» **EXERCISE DESCRIPTION**:
From the data that follows, copy every line with the string "Women".

» **EXTRACTED RECORDS**:
*** Begin section ***
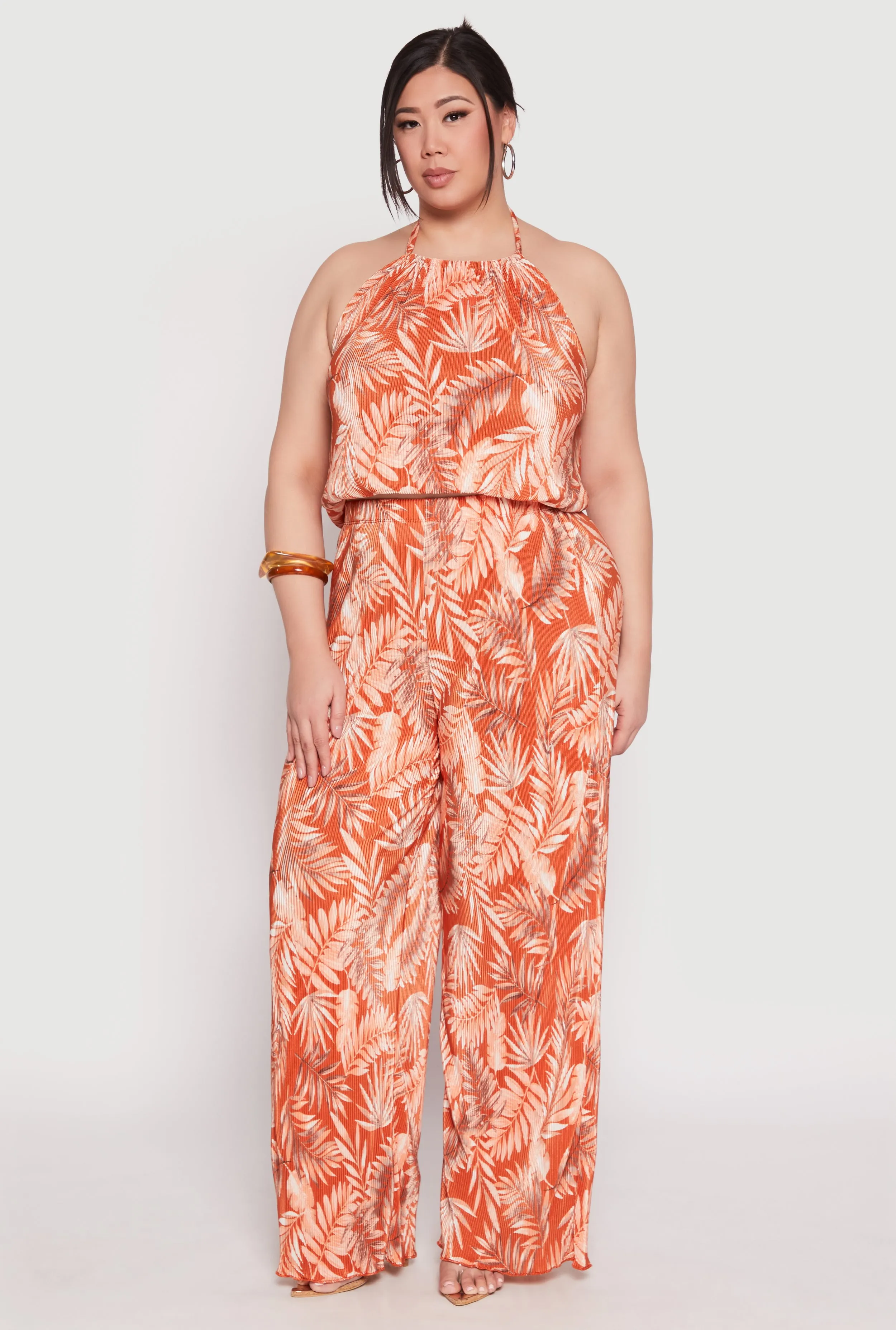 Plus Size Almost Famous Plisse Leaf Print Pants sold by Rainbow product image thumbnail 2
*** End section ***
*** Begin section ***
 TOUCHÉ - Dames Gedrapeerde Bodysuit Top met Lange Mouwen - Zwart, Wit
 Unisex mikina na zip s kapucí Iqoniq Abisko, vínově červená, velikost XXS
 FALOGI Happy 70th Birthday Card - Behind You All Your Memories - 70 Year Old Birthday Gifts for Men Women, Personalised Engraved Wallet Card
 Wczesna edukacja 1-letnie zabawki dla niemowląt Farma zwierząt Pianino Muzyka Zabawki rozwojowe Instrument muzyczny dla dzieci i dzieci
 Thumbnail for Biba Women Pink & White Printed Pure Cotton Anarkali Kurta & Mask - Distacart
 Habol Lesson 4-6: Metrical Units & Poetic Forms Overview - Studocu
*** End section ***
» **OUTPUT BELOW**:
 FALOGI Happy 70th Birthday Card - Behind You All Your Memories - 70 Year Old Birthday Gifts for Men Women, Personalised Engraved Wallet Card
 Thumbnail for Biba Women Pink & White Printed Pure Cotton Anarkali Kurta & Mask - Distacart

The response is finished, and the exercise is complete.